Voyager lentement, ce n’est pas aller vite sans avion
Si l’imaginaire du voyage sans avion consiste à traverser toute l’Eurasie en quelques jours ou semaines, alors on retombe dans les mêmes travers : on survole les pays, sans vraiment les rencontrer. À vouloir aller trop vite, même sans avion, on effleure les territoires sans les comprendre.
Éviter l’avion n’est pas un exploit
Dans cette démarche, éviter l’avion, c’est normal. Mais ce n’est ni une quête, ni un exploit. Aujourd’hui, beaucoup transforment ça en performance ou en morale. Et je trouve que c’est contre-productif. On peut se fixer des défis personnels, selon nos moyens – de temps, d’argent, de logistique – tout en étant conscients de notre impact écologique et social. Mais ça ne doit pas devenir une finalité en soi. Enfin, voyager de la sorte, c’est surtout un énorme privilège grâce au passeport français, l’un des plus puissants au monde en l’état actuel des choses. Tandis qu’on peut partir presque partout, certaines nationalités ne peuvent même pas s’imaginer de pouvoir voyager sans avion.
Les vraies frontières ne sont pas que géopolitiques
On oublie souvent une réalité : pour beaucoup, les frontières ne sont pas seulement politiques. Elles sont sociales, économiques, culturelles. La pauvreté immobilise certains là où ils sont. Bouger, changer d’endroit, ce n’est pas toujours un choix. Et parfois, ce n’est même pas un rêve. Pour d’autres, notamment dans les classes moyennes, la mobilité dépend de deux choses : le temps et l’argent. Et dans ce contexte, l’avion reste souvent l’option la plus accessible. Tout le monde ne peut pas voyager, encore moins sans avion – y compris dans les pays occidentaux.

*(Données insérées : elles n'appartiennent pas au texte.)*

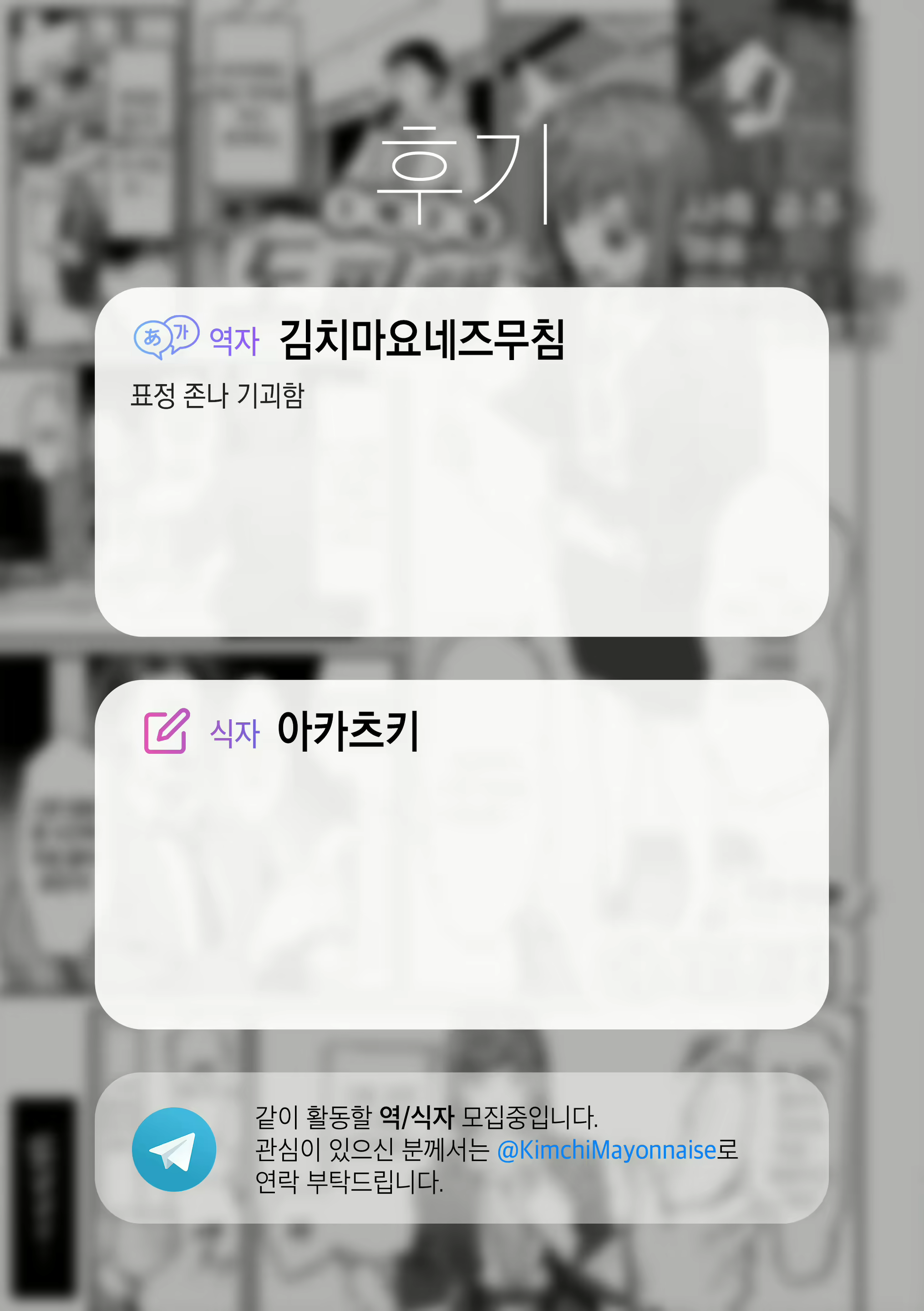 Content 1918994 - 32 페이지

Une tentative : relier l’Indonésie à l’Australie sans avion
De notre côté, on a tenté de relier l’Indonésie à l’Australie en bateau-stop. Ce fut notre première expérience. Voyager en voilier était un moyen pour nous de partir à l’aventure et de découvrir un monde inexploré. On aurait pu attendre six mois pour avoir la bonne saison, avec les vents dans le bon sens. Mais pour nous, ce n’était pas ça, le slow travel. Rester bloqués, figés dans l’attente, juste pour réussir un défi, ça aurait cassé la fluidité de notre voyage. Alors on s’est donné une limite d’un mois, à un moment où il y avait une petite ouverture météo. On a potassé tous les livres sur les voiliers qu’on a pu trouver. On a vu des bateaux partir sans nous. Et puis, après pas mal de recherches, on a trouvé un capitaine prêt à nous embarquer jusqu’à Darwin. Un mois plus tard, on était prêts à partir avec lui. Le capitaine était enthousiaste, malgré quelques incertitudes (l’état du bateau, les papiers…). Mais à quatre heures du départ, le moteur a lâché. Il a fallu accepter. C’était notre limite, le cadre qu’on s’était fixé. On a pris l’avion. Et on ne regrette rien. On est même soulagés que le problème soit arrivé avant le départ, pas en plein océan. Oui, ça fait un petit coup à l’ego. Mais on a essayé. Et on est fiers de l’avoir fait. Ce qu’on retient, c’est ce qu’on a vécu, pas l’échec du défi.
La mer, les bateaux… et les contradictions
Les passages en mer, c’est un point sensible. Promouvoir le voyage sans avion en prenant un bateau de croisière ou un cargo, c’est une contradiction difficile à assumer. Quant aux voiliers : on a tenté. Mais être en quête d’un bateau donne parfois l’impression de déranger. Et surtout, on ne partage pas toujours les mêmes valeurs avec les capitaines. Certains prennent l’avion sans scrupules. D’autres sont extrêmement aisés, dans des pays pauvres. Il faut savoir que la plupart des capitaine restent à quai la plupart du temps. On est souvent loin du récit idéalisé.
Le vrai score, c’est ce que tu vis
Soyons honnêtes : la plupart des gens ne jugeront pas ton « score de voyage ». Ils seront juste contents pour toi, ou tristes avec toi, mais ça ne changera rien à leur vie. Ce qui compte, c’est ce que toi tu vis, ce que tu apprends, ce que tu partages. Et si on réduit le nombre d’avions qu’on prend, c’est déjà une belle réussite. Pas seulement pour l’écologie, mais parce que ça montre un état d’esprit : curieux, attentif, à l’écoute du monde. Et ça, c’est précieux.
En résumé : c’est un choix personnel, pas un dogme
Voyager sans avion, c’est un choix fort, mais c’est un choix personnel. Pas un concours. Pas une règle universelle. Ce cadre, c’est aussi ta responsabilité : envers les territoires traversés, envers les gens qui y vivent, envers le sens que tu donnes à ton voyage. C’est aussi une réflexion sur les rêves qu’on nourrit, et les désirs qu’on questionne : « Je rêve, mais c’est peut-être le leur. » Et puis, ce cadre, c’est aussi envers tes propres limites. Celles que tu peux repousser, parfois. Mais toujours en conscience.